I'll be using the FFWD F6R (tubular) with Vittoria Corsa CX and later Veloflex Extreme/Carbon this season for average speeds around 38 km/h.


----------



## bmwk100 (Apr 17, 2011)

RussellS said:


> 20-22 mph on a brevet? For the 200k, sure. For the 300, 400 doubtful.


Yes, it is a 200K. Good suggestion on the tires. I was planning on using Gator Skins to lower the odds of getting a flat, but maybe some Continental 4000S may work better.


----------



## MTBMaven (Dec 17, 2005)

FWIW, I've run multiple sets of GatorSkins and GP4000. I've been using GP4000 for the last few years after using GatorSkins prior to that. I have not had a flat using both tires, and that's since 2007. I ride in the Los Angeles area where there is plenty of road debris and poor road quality. I even did a 500 mile, 9 day fully loaded tour using 25mm GP4000s. The GP4000s are lighter than the GatorSkins and I have found them to be just as flat resistant.


----------



## bmwk100 (Apr 17, 2011)

MTBMaven said:


> FWIW, I've run multiple sets of GatorSkins and GP4000. I've been using GP4000 for the last few years after using GatorSkins prior to that. I have not had a flat using both tires, and that's since 2007. I ride in the Los Angeles area where there is plenty of road debris and poor road quality. I even did a 500 mile, 9 day fully loaded tour using 25mm GP4000s. The GP4000s are lighter than the GatorSkins and I have found them to be just as flat resistant.
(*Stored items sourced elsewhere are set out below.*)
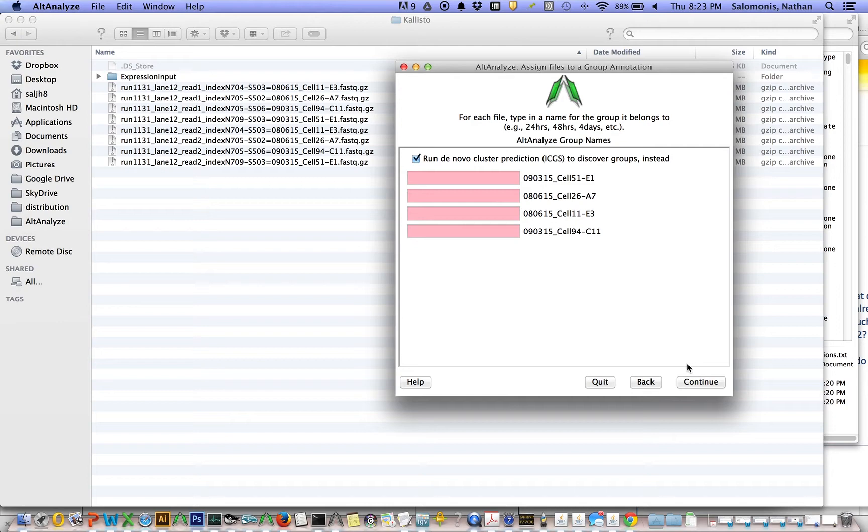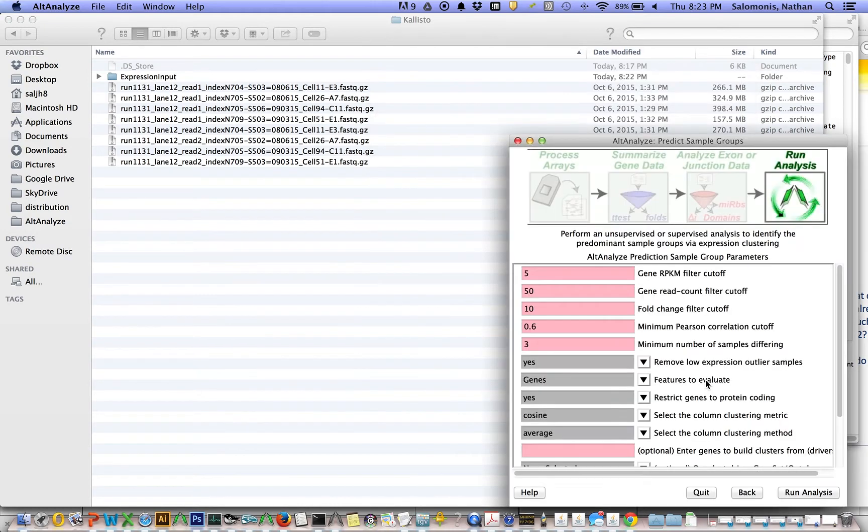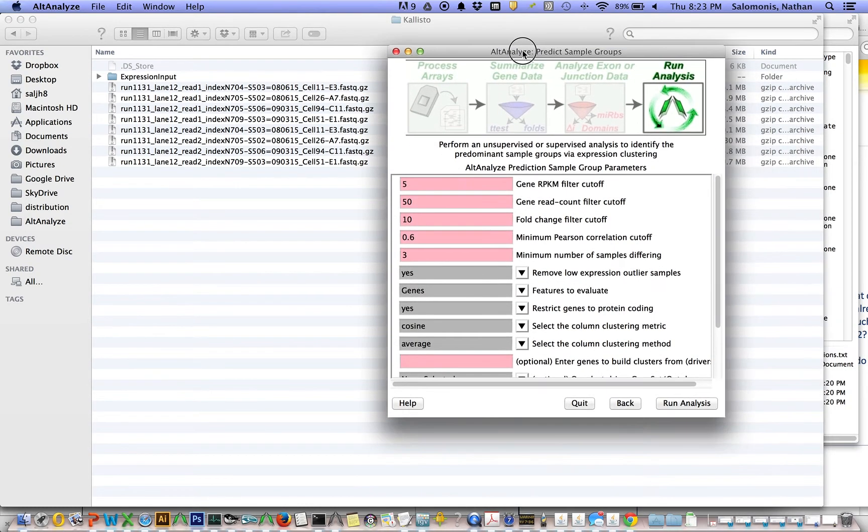The analysis works very similar if I were, for example, to say disease, disease, normal, and normal, and then select my comparison groups. But instead, I'm just going to let the program identify these subgroups for me.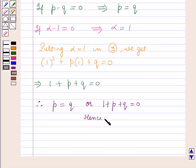Hence proved. This is the solution of the given question, and that's all for this session.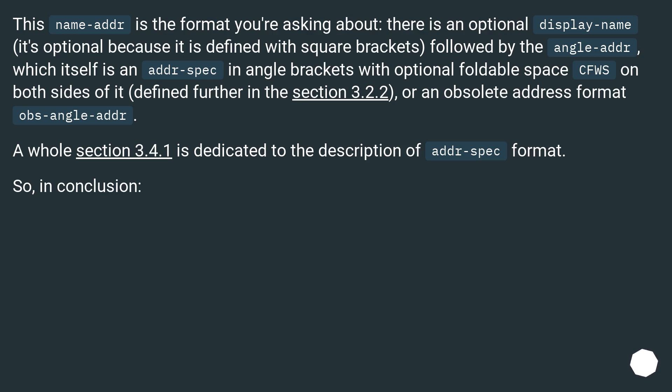A whole section 3.4.1 is dedicated to the description of addr-spec format. So, in conclusion:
Exact tires I have used. Currently on the GP4000's and have GatorSkins available for the Kysium's. I'm leaning towards using the GatorSkins this upcoming weekend. I rarely get flats but got one yesterday during a century on my GP4000s. Rarity though.


----------



## jhkranzler (Sep 25, 2011)

bmwk100 said:


> Greetings,
> 
> I ride a 2011 Cannondale SuperSix and have successfully completed numerous centuries and brevets with the aftermarket Cosmic Carbone wheels I purchased for my bike. Recently I have periodically utilized the stock wheels that came with the bike, Mavic Ksyrium Elites, on windy days. I have noticed that the bike feels much lighter and rides really nice with the stock wheels. I have also heard that the effects from the aero Cosmic Cabones really come into play at about 22mph and above. Thus, which wheel should I utilize on century and brevet rides if we are routinely riding at about 20-22 mph? Any input would be appreciated.


I have a 2011 cannondale supersix 3 and have Mavic Ksyrium SLs and Gatorskins on my bike for long rides. Light is good - but sturdy is more important on long brevets.


----------



## kg1 (Apr 17, 2002)

*Vittoria Corsa CX*

I can second this recommendation. Wonderful rolling tire -- noticeably more comfortable than the Conti GP 4 Seasons I had been running. Lots of review on this tire talk about them being fragile. I only have a 500 miles on the tires, but so far, no problems here.

Good luck

kg1


----------



## Eyorerox (Feb 19, 2008)

For the Vittoria Corsa CX I get
3,500 K (2,200 miles) rear wheel twice that for the front wheel.


----------